EXTRACTED INFORMATION:
=== Section Start ===
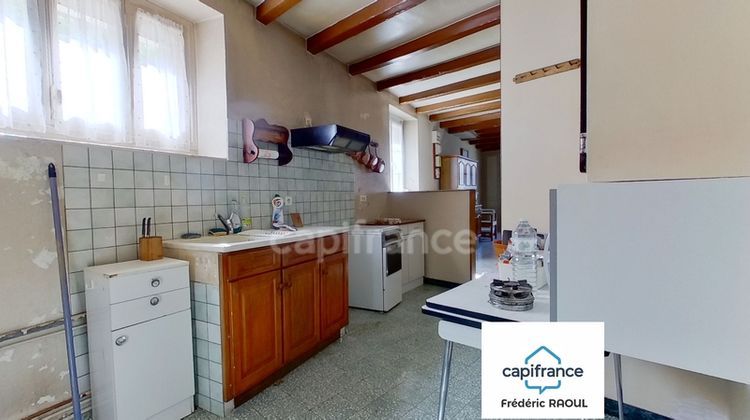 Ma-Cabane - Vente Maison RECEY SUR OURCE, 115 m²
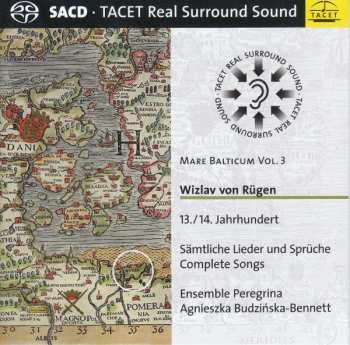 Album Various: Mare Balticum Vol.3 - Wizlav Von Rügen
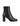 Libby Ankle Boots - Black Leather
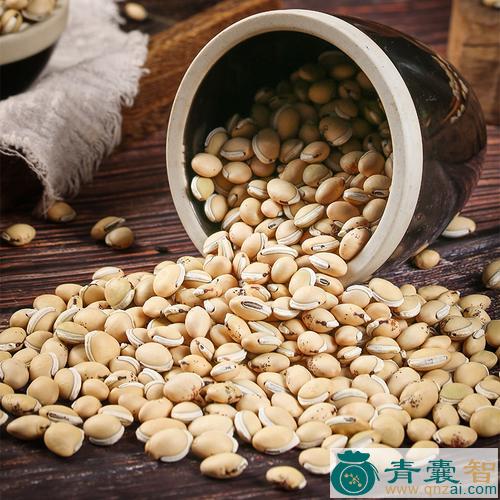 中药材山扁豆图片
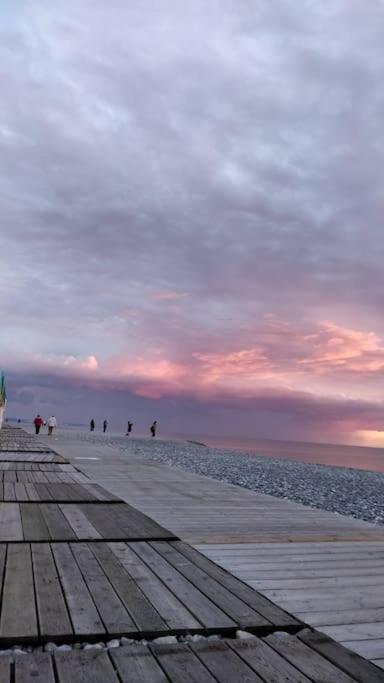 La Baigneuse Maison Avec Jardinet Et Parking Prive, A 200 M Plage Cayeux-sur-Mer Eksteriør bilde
=== Section End ===
=== Section Start ===
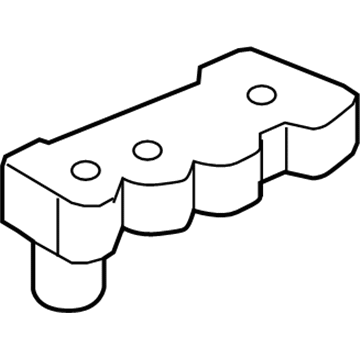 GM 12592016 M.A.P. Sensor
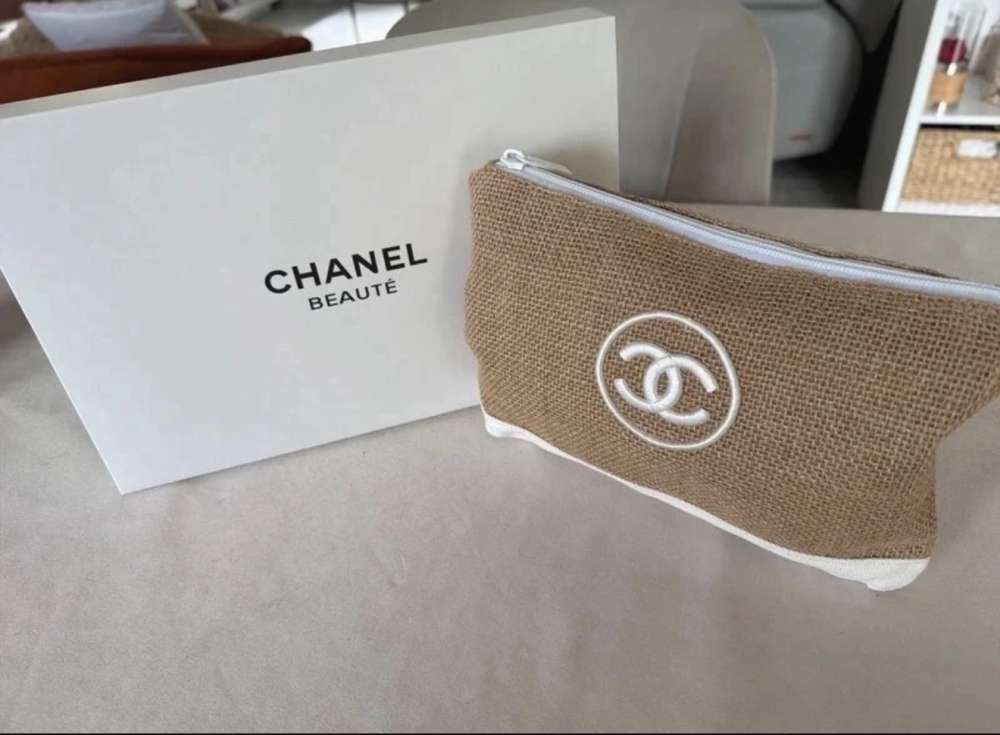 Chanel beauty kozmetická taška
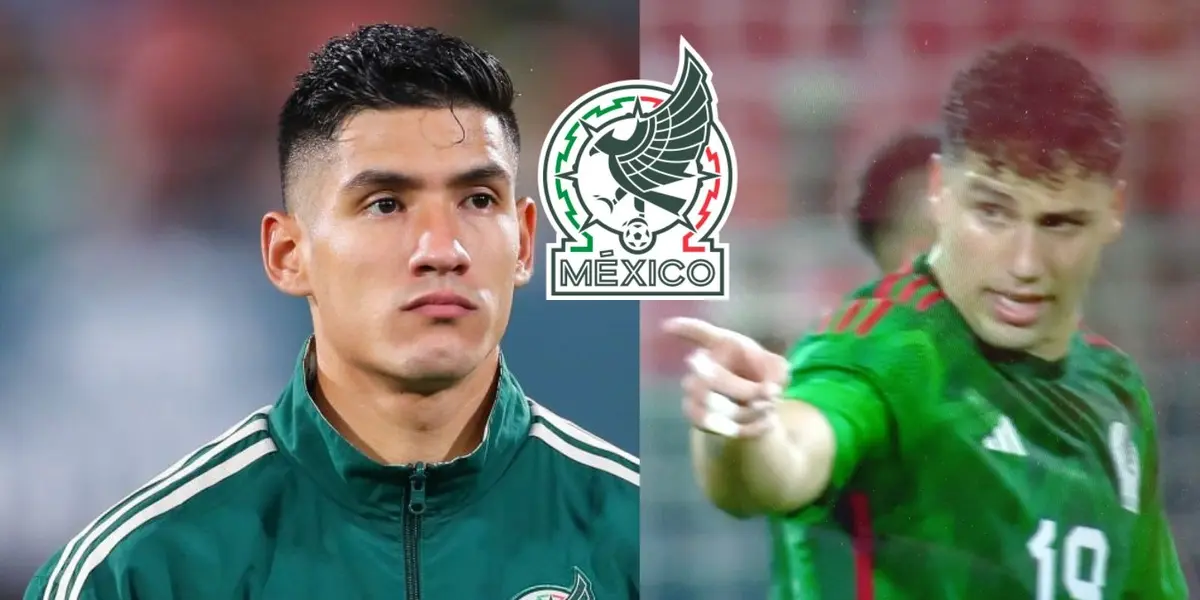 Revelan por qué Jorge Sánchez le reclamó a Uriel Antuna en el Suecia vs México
=== Section End ===
WHAT THE EXERCISE ASKS: When you reach the line containing "GM 12592016 M.A.P. Sensor" in the entries above, begin restating word for word, and stop once the line containing "Revelan por qué" has been given. Omit the pictures.

FINISHED EXERCISE:
 GM 12592016 M.A.P. Sensor
 Chanel beauty kozmetická taška
 Revelan por qué Jorge Sánchez le reclamó a Uriel Antuna en el Suecia vs México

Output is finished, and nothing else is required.